Reserves are old-fashioned; currency is right up to date. - InvestingChannel

Reserves are old-fashioned; currency is right up to date.

Pretend this post was written in July 2008; later I’ll discuss the most recent 4 1/2 years.

I notice that some commenters think there is something slightly old-fashioned about my emphasis on the lowly currency stock.  On the contrary, it is bank reserves that were a big part of grandpa’s monetary regime.

During the first 35 years of the Fed’s existence, bank reserves mostly fluctuated between 40% and 60% of the monetary base.  That’s a pretty important share. It’s no surprise that the early post-WWII monetarists focused on the banking system.

Today (in 2008) bank reserves are only about 5% of the monetary base.  The rest is currency held by the public.  And most of the “reserves” are also currency, aka “vault cash.”  So the monetary base is actually about 99% currency and 1% bank deposits at the Fed.  Monetary policy is (implicitly) conducted by adjusting the total stock of currency.
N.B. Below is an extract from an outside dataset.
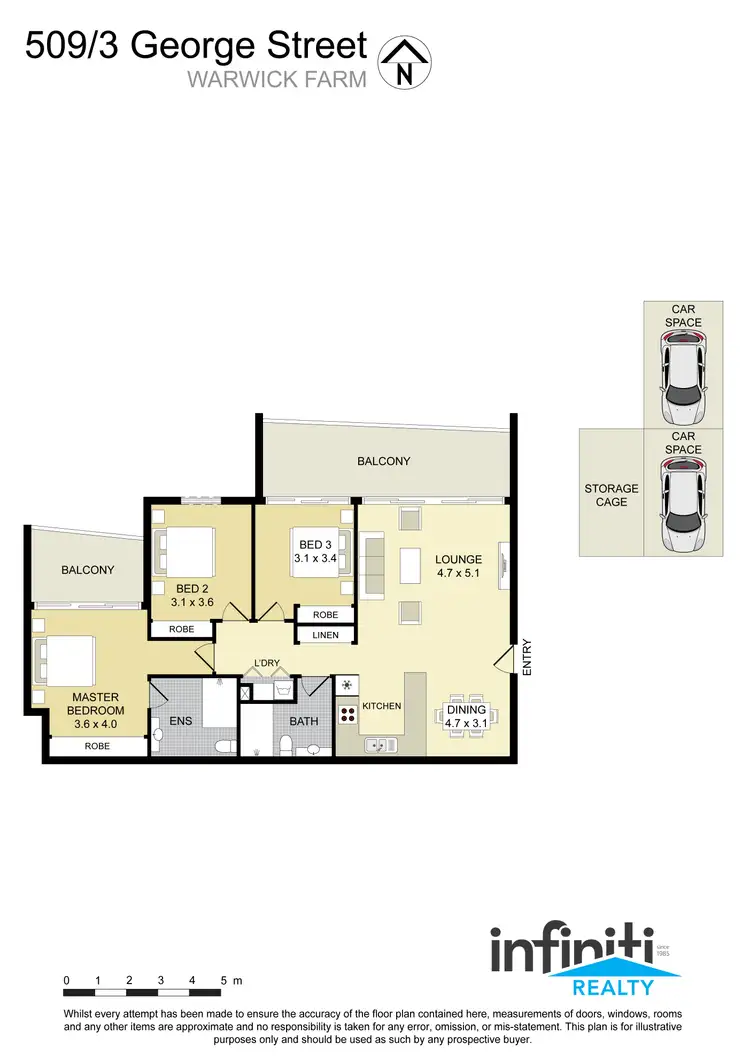 Floorplan of Homely apartment listing, 509/3 George Street, Warwick Farm NSW 2170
The other mistake is to make too much of the supposed “endogeneity” of currency.  Nick Rowe has done some excellent posts on this, but I’ll try to briefly summarize:

Let’s suppose that back in 1964 Milton Friedman’s evil twin Myron Friedman tried to convince the Fed to inflate, as a way of lowering unemployment–so that LBJ could get re-elected in 1968.  He told the Fed to print money like crazy.  But Fed officials scratched their heads:

How do we do that?  The base is mostly endogenous. If we try to conduct monetary policy via control of the base then rates will go haywire.
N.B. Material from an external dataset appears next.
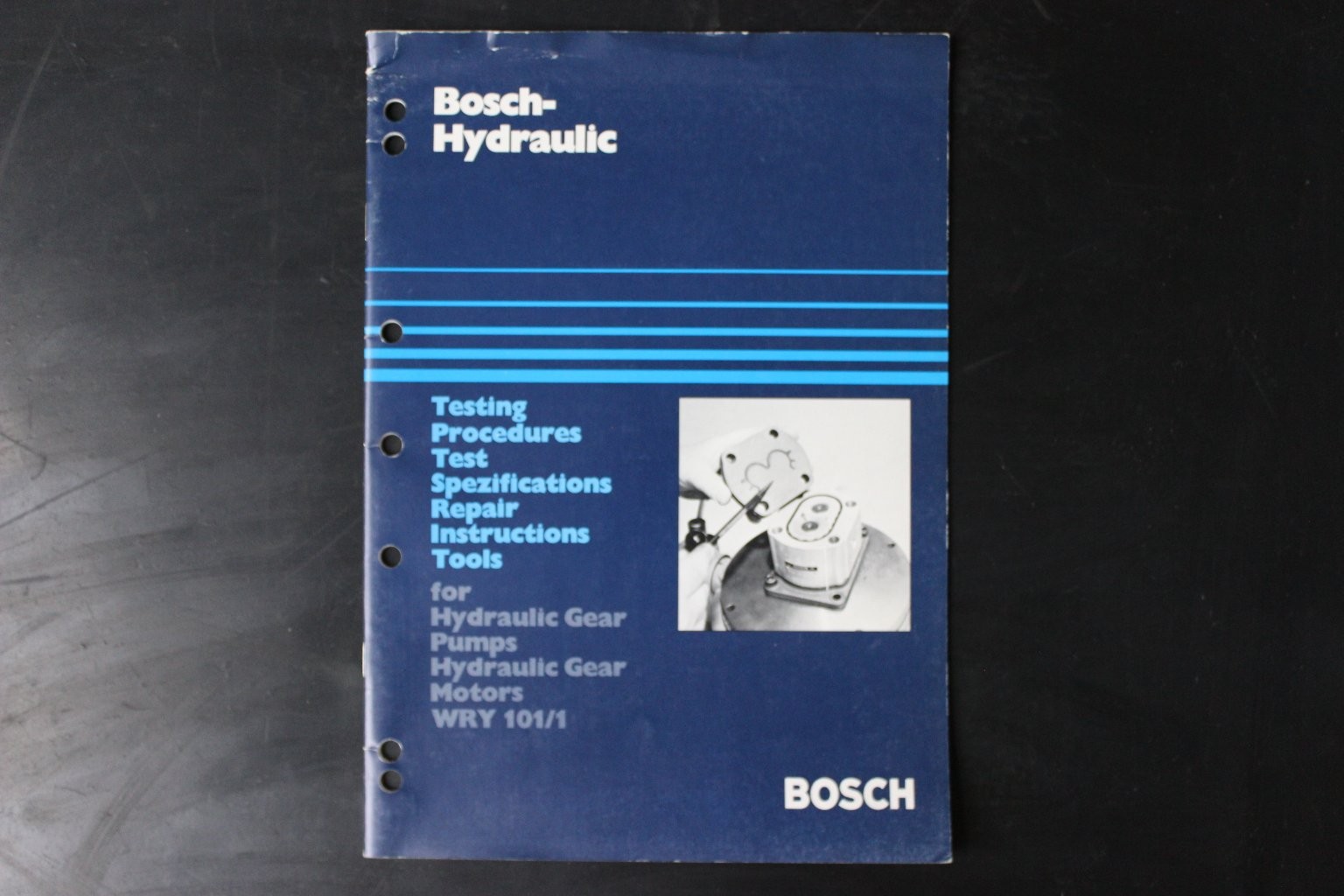 BOSCH Hydraulic Gear Pump Motor Repair Manual WRY 101/1 Instructions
Myron Friedman responded as follows:

Under interest rate targeting the base is endogenous in the ultra-short run, but exogenous in the medium and long run—which matters for inflation.  Thus you need to adjust interest rates to a level where holding them at that level will require the Fed to increase the base at a faster and faster rate.  For the moment, that might involve a slight rate cut.  But over time the Wicksellian equilibrium rate will rise and you’ll actually be able to raise rates HIGHER than they would be under a tight money policy.  The key is to keep watching that monetary base.  Make sure your fed funds target is always set at a level where the Fed is forced to inject more and more base money into the economy.  That level of base money will equilibrate the feds fund market in the very short run, but will disequilibrate the broader macroeconomy.  It will be more currency than the public wants to hold at the current price level, and thus prices will have to rise.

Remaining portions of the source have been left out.